From James Scott’s “recent book”:http://press.princeton.edu/titles/9816.html, _Two Cheers for Anarchism._
bq. A little item in the local newspaper informed me that anarchists from West Germany … had been hauling a huge papier-mache statue from city square to city square in East Germany on the back of a flatbed truck. It was the silhouette of a running man carved into a block of granite. It was called Monument to the Unknown Deserters of Both World Wars (Denkmal an die unbekannten Deserteure der beiden Weltkriege) and bore the legend “This is for the man who refused to kill his fellow man.” It struck me as a magnificent anarchist gesture, this contrarian play on the well-nigh universal theme of the Unknown Soldier: the obscure, “every infantry-man” who fell honorably in battle for his nation’s objectives. Even in Germany, even in very-recently East Germany (celebrated as the “First Socialist State on German Soil”), this gesture was, however, distinctly unwelcome. For no matter how thoroughly progressive Germans may have repudiated the aims of Nazi Germany, they still bore an ungrudging admiration for the loyalty and sacrifice of its devoted soldiers. The Good Soldier Svejk, the Czech antihero who would rather have his sausage and beer on a warm fire than fight for his country, may have been a model of popular resistance for Bertholt Brecht, but for the city fathers of East Germany’s twilight year, this papier-mache mockery was no laughing matter.
bq. … Soon, progressives and anarchists throughout Germany had created dozens of their own municipal monuments to desertion.

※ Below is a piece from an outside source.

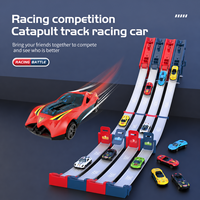 Circuit de course à catapulte 1 voie avec 2 mini-voitures en alliage, jouet de lancement par gravité à assembler soi-même pour enfants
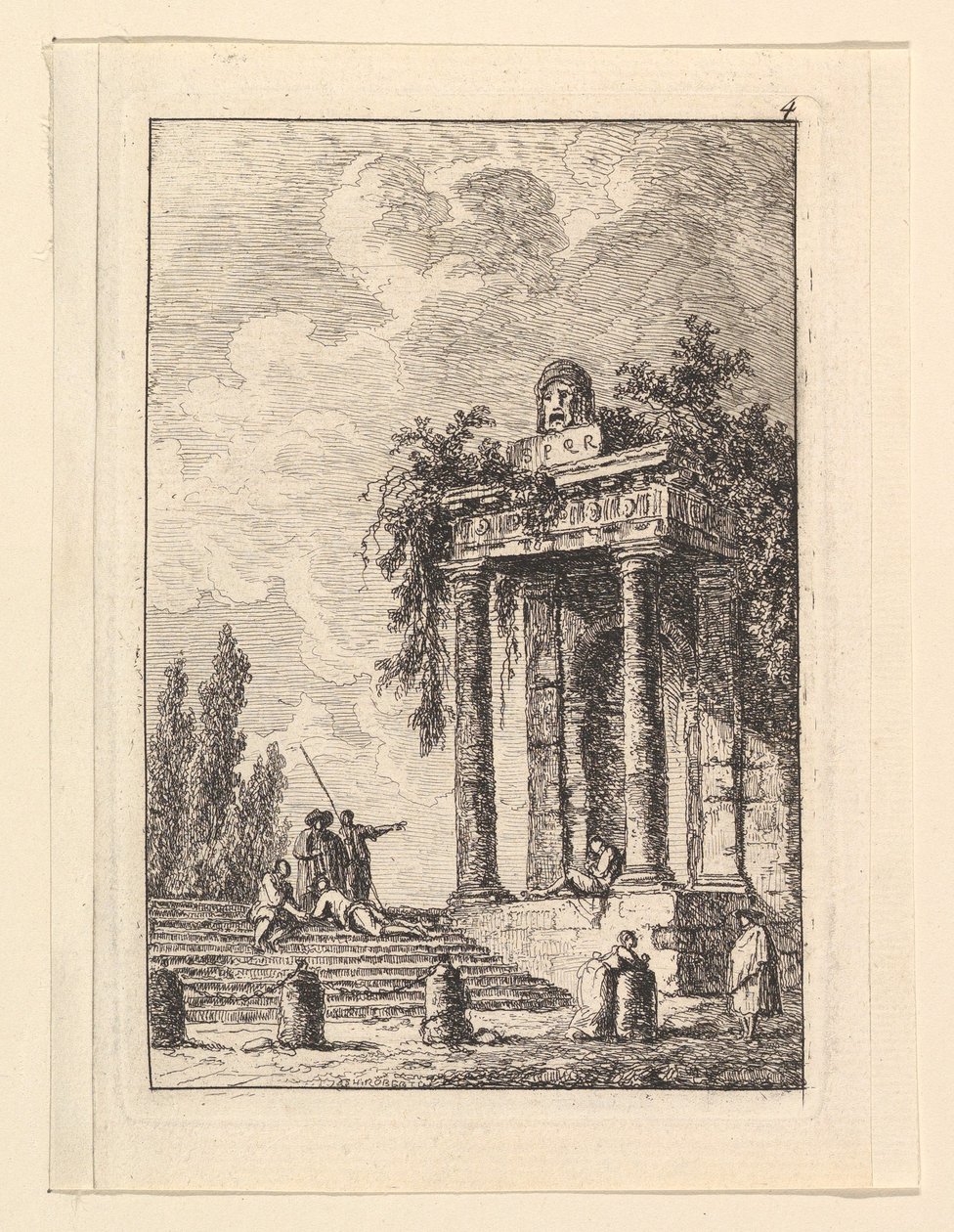 A lépcsőház a Quatre Bornes.n.d. alkotó: Hubert Robert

It was no small thing that an act traditionally associated with cowards and traitors was suddenly held up as honorable and perhaps even worthy of emulation. Small wonder that Germany, which has surely paid a very high price for patriotism in the service of inhuman objectives, would have been among the first to question publicly the value of obedience and to place monuments to deserters in public squares otherwise consecrated to Martin Luther, Frederick the Great, Bismarck, Goethe and Schiller.
I was born in a country which was of two minds about celebrating the fallen. There isn’t any real Irish equivalent of Memorial Day. Over here was a cult of blood sacrifice, in which the dead served as martyrs, exemplars and permanent reminders of the perfidies of Albion. Brian MacNeill, a grand-uncle of mine, fought for the Republicans in Ireland’s Civil War, and was killed under suspicious circumstances by government forces on the slopes of Ben Bulben (he was probably “shot in cold blood after surrendering and disarming”:http://www.youtube.com/watch?v=dDVOEh1J0Pk). When Maria visited the area in the 1990s, she saw his picture along with others on a pub wall, and asked the locals about it – she was told that he had been killed by the British rather than (as was the fact) his own recent comrades-in-arms. After his death, Brian had been assimilated into a story that reinforced the mythology rather than revealing its complexities.
Over there was a pervasive distrust of the military – both because the Irish independence movement got its legs from the anti-conscription movement during World War I, and because people had complex attitudes towards the state and the Irish Army in the wake of the Irish Civil War. It was a bitter little war, where both sides were convinced they were in the right, and both were entirely willing to carry out atrocities for a good cause. We could have done with more deserters.